#### Task item
For the data that follows, print the line with "SMD KURISTIN 8,2UH", the line with "Trendnet Ti-ig60 Strøminjektor", and all lines between them, exactly as they stand. Omit pictures and add nothing.

#### Recorded information
··········

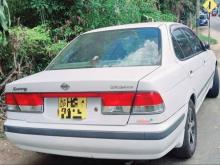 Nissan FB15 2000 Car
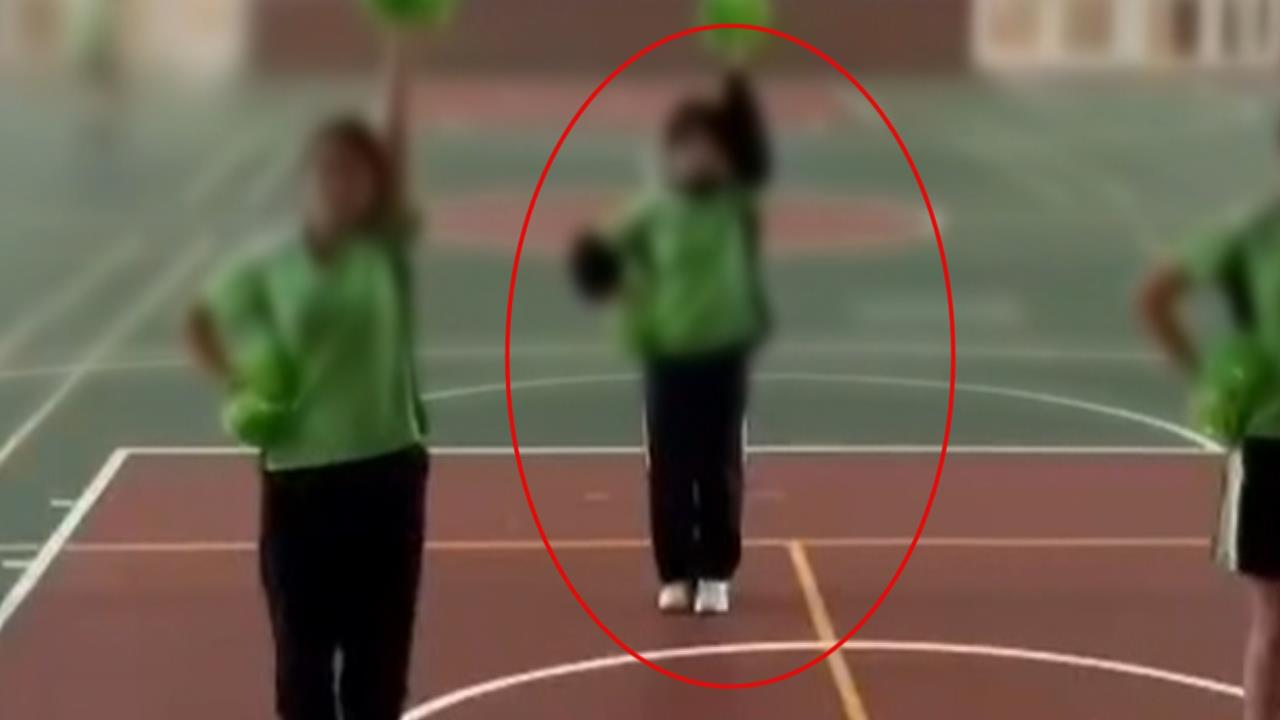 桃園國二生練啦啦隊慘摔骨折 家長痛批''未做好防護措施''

··········

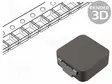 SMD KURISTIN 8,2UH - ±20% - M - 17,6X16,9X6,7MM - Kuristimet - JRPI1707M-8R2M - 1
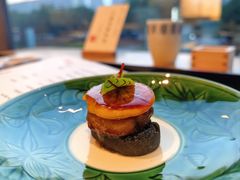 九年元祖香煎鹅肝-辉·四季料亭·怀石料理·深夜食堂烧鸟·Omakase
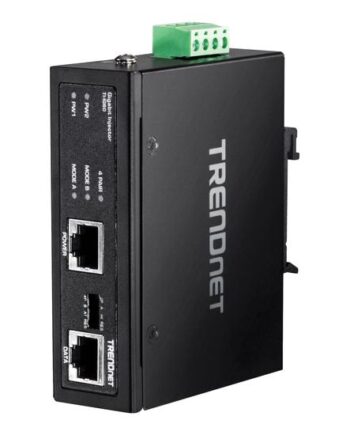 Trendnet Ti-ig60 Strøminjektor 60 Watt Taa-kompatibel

··········

#### Exercise output
 SMD KURISTIN 8,2UH - ±20% - M - 17,6X16,9X6,7MM - Kuristimet - JRPI1707M-8R2M - 1
 九年元祖香煎鹅肝-辉·四季料亭·怀石料理·深夜食堂烧鸟·Omakase
 Trendnet Ti-ig60 Strøminjektor 60 Watt Taa-kompatibel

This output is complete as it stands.